Unique photo-based process on archival silver paper with paint
36 x 24 inches
Aline Mare began her career in Lower Manhattan, with a background in theater and experimental film. She completed undergraduate work at SUNY Buffalo and an MFA from SFAI. She continues to experiment, exploring metaphors of nature and its transformative relationship to the human psyche and the state of our planet. alinemare.com, @alinelillie
I have been repeatedly drawn to encounters with Joshua trees during extended trips to the Mojave. In this suite of images, I have immersed myself in those landscapes, open to the pull of objects and narratives embedded in the nakedness of the desert floor, and to powerful poignant artifacts offered by the Joshua tree itself.

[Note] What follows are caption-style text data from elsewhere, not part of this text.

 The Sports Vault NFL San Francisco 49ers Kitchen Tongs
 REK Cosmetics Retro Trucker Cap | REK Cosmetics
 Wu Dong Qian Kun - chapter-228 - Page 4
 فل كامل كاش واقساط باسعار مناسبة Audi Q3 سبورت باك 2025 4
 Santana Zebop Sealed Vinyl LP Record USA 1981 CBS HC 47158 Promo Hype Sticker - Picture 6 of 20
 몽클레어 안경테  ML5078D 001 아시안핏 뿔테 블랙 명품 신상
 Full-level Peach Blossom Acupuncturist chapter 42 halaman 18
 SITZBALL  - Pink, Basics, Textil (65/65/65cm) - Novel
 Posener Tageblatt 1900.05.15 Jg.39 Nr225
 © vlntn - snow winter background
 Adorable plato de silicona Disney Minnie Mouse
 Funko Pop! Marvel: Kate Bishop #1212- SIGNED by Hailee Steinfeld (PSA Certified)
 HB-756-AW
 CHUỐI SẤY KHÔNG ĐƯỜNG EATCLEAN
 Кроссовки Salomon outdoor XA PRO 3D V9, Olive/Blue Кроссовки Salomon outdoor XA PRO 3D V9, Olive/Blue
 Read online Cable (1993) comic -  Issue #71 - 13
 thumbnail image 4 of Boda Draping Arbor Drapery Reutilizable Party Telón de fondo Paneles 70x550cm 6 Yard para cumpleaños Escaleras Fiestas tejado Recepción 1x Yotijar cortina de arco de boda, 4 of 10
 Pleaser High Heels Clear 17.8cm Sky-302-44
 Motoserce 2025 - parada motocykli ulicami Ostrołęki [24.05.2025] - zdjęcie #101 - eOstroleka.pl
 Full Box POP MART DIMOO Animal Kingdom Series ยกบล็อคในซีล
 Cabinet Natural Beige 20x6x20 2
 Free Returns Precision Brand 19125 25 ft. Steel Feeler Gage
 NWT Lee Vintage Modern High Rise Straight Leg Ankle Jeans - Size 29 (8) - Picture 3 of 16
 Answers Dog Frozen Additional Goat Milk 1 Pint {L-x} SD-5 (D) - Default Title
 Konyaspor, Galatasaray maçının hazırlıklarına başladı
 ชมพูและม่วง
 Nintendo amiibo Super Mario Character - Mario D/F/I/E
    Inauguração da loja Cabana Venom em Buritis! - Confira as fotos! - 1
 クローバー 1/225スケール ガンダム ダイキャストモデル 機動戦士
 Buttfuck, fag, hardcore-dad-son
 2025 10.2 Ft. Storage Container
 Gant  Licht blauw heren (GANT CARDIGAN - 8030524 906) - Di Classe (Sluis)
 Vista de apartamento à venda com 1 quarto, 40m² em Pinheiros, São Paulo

Using a process of scanning, shooting, layering and painting, I gather and transform bits of plants, fossils and desert detritus into a kind of psychic snapshot. The eroded objects become talismans; charged artifacts of past habitations bleached and fractured from the sun and heat. Each tableau is a theater set where time becomes the actor—both giver and destroyer of life; a space where quiet mysteries are revealed, brilliantly illuminated under the desert sun. Each story is told in broken narratives, fragments conveying the overlapping worlds—the flora and fauna abandoned to the forces of nature, reclaiming the land and remnants of cultures, whose rise and fall marks the desert floor. I create organic interpretations of nature in a process of transmutation, working with a hybrid form of mixed media, pointing to the possibilities of change and renewal, using scanning and image-making to reveal secret architectures that speak to a sense of the forces of forms in nature as metaphors for the cycles of life, death and rebirth.
I am interested in creating a rich layering of sources: a poetic language where systems of generation and communication are fused to form a new language. I am looking to reveal the fractal mirroring of roots, veins, minerals and bone, where the interplay between various life forms and systems articulate a 21st-century vision of ourselves as truly not separate from nature.